BEGIN Exercise inputs

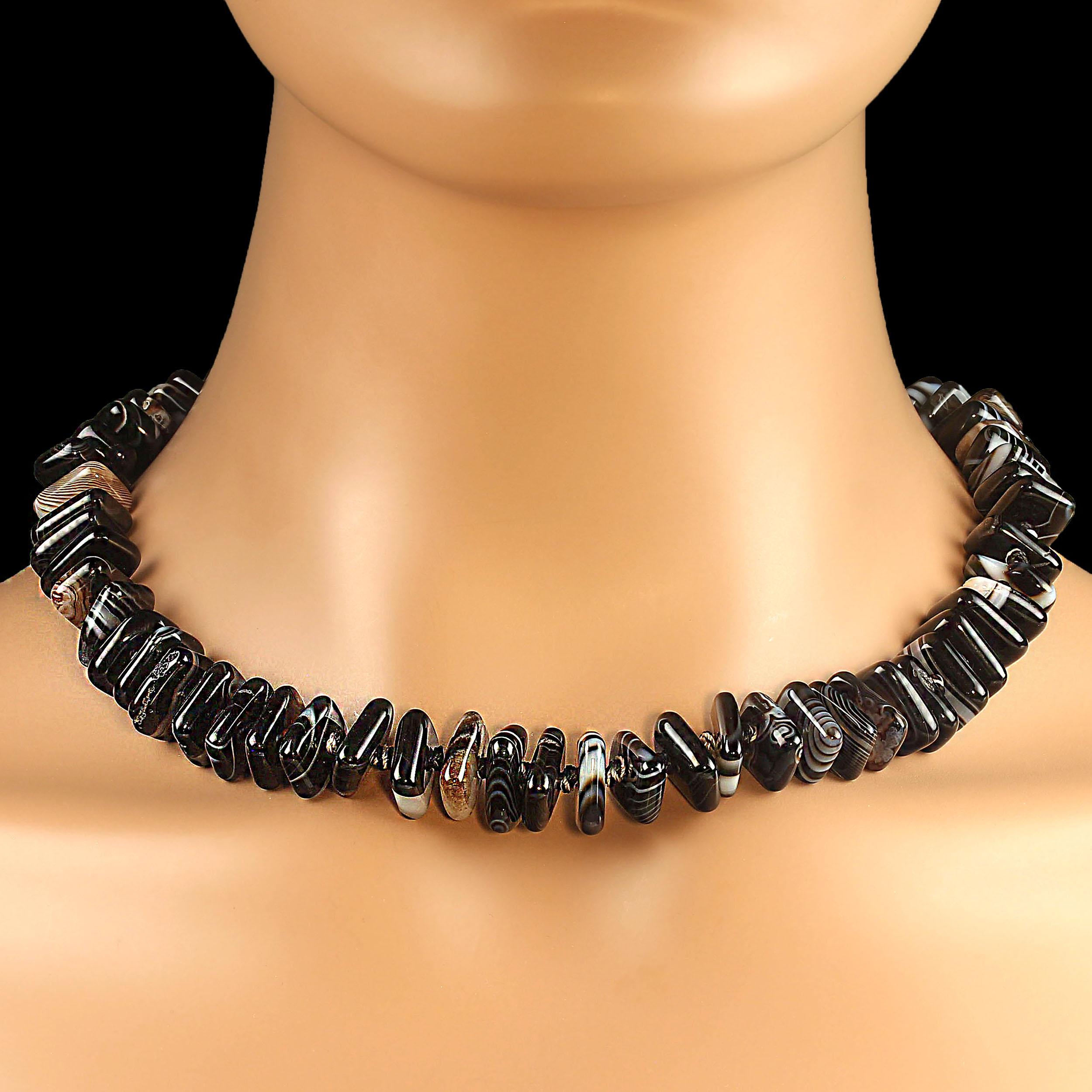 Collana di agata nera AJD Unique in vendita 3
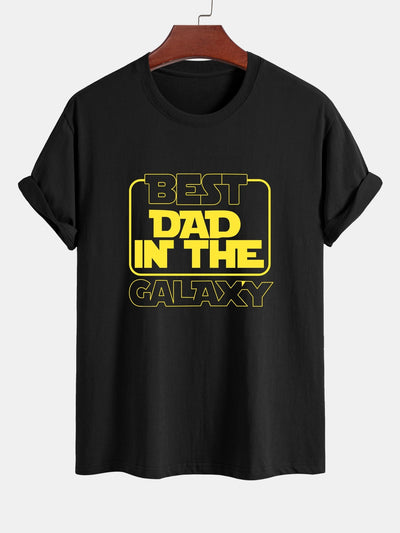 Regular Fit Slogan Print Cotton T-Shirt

END Exercise inputs
BEGIN Exercise inputs

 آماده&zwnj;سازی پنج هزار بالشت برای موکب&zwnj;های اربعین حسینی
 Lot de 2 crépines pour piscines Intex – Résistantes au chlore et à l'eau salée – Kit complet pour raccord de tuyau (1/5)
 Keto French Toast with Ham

END Exercise inputs
BEGIN Exercise inputs

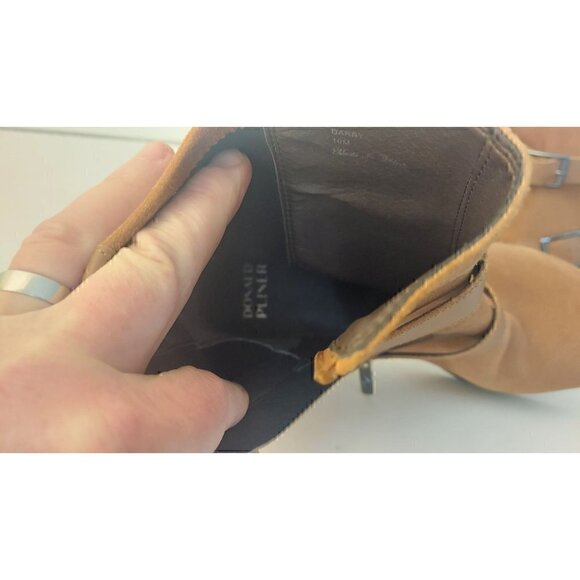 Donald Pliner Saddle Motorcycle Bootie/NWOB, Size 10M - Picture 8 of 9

END Exercise inputs

# Task details:
Retype only the stretch of lines above starting at the one with "آماده&zwnj;سازی پنج هزار" and stopping at the one with "Keto French Toast with Ham", exactly as written, with both kept.

# Exercise answer:
 آماده&zwnj;سازی پنج هزار بالشت برای موکب&zwnj;های اربعین حسینی
 Lot de 2 crépines pour piscines Intex – Résistantes au chlore et à l'eau salée – Kit complet pour raccord de tuyau (1/5)
 Keto French Toast with Ham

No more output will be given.